▶ _Supplied data_:
+++
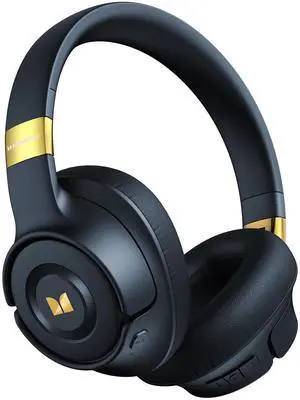 Persona SE ANC Active Noise Cancelling Headphones, Bluetooth Headphones Over Ear, 60H Playtime, HiFi Stereo Audio, Deep Bass, Built-in Mic, Wireless Headsets for Home Office(Blue) Persona SE ANC Active Noise Cancelling Headphones, Bluetooth Headphones Over Ear, 60H Playtime, HiFi Stereo Audio, Deep Bass, Built-in Mic, Wireless Headsets for Home Office(Blue)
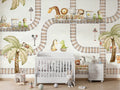 Train Travels - Le Petit Marché Home Furniture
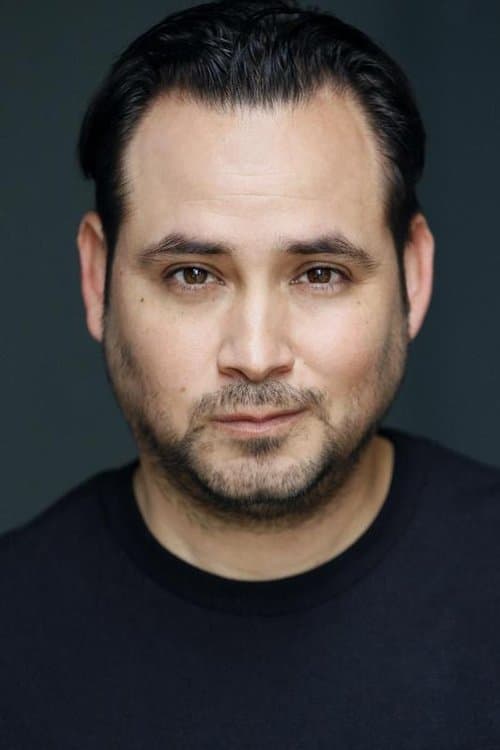 Amado Dehoyos profile photo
+++
▶ _What the task asks_:
Copy out the material above in full and exactly, but with no pictures.

▶ _Finished task_:
 Persona SE ANC Active Noise Cancelling Headphones, Bluetooth Headphones Over Ear, 60H Playtime, HiFi Stereo Audio, Deep Bass, Built-in Mic, Wireless Headsets for Home Office(Blue) Persona SE ANC Active Noise Cancelling Headphones, Bluetooth Headphones Over Ear, 60H Playtime, HiFi Stereo Audio, Deep Bass, Built-in Mic, Wireless Headsets for Home Office(Blue)
 Train Travels - Le Petit Marché Home Furniture
 Amado Dehoyos profile photo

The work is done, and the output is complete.